Vonnis inzake overeenkomst tot aanneming van werk met geschil over oplevering en betaling

In deze zaak, die voor de Kantonrechter in Maastricht is behandeld, gaat het om een geschil tussen H.O.D.N. en een gedaagde partij over een overeenkomst tot aanneming van werk. De eiser, H.O.D.N., heeft werkzaamheden verricht aan het interieur van het bedrijfspand van de gedaagde partij, die een kapsalon, beautysalon en parfumerie exploiteert. De werkzaamheden zijn gestart in maart 2021 en de eiser heeft in totaal vijf facturen gestuurd, waarvan een bedrag van € 11.350,14 nog openstaat. De gedaagde partij heeft de betaling opgeschort, omdat zij stelt dat er gebreken zijn aan het werk.

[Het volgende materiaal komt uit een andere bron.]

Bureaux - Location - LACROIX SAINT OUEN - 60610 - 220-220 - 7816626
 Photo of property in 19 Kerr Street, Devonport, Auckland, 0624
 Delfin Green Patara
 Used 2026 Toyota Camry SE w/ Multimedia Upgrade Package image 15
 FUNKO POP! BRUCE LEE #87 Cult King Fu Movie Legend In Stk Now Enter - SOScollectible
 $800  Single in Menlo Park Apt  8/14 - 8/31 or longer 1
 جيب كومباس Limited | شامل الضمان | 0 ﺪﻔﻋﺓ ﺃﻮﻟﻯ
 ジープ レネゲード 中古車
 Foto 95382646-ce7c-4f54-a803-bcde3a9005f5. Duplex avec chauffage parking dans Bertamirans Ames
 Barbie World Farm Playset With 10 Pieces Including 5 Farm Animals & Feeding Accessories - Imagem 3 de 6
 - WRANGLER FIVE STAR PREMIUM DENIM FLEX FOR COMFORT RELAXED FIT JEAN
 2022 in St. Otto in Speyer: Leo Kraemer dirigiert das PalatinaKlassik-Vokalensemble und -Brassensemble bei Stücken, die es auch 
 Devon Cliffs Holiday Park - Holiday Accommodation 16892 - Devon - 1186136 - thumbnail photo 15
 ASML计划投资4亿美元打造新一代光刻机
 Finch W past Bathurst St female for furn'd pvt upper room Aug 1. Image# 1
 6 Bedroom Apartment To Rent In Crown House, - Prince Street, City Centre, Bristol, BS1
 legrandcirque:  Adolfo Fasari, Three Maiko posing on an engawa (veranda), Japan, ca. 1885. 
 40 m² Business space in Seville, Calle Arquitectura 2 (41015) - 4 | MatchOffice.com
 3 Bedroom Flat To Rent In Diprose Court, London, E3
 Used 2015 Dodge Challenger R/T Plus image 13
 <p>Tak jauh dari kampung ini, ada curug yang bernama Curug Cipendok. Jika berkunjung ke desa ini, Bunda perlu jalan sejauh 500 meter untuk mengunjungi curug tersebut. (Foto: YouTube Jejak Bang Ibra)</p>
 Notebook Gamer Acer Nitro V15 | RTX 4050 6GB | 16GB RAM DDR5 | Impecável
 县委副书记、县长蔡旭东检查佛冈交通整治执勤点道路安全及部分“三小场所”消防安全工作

De procedure omvatte een incidenteel vonnis van 15 mei 2024, verschillende brieven van de gemachtigden van beide partijen, en een mondelinge behandeling op 9 september 2024. De kantonrechter heeft vastgesteld dat de gedaagde partij het werk stilzwijgend heeft aanvaard, omdat zij niet binnen een redelijke termijn heeft gereageerd op de mededeling van de eiser dat het werk klaar was voor oplevering. De kantonrechter oordeelt dat de gedaagde partij gehouden is het openstaande bedrag te betalen, inclusief wettelijke rente en buitengerechtelijke kosten.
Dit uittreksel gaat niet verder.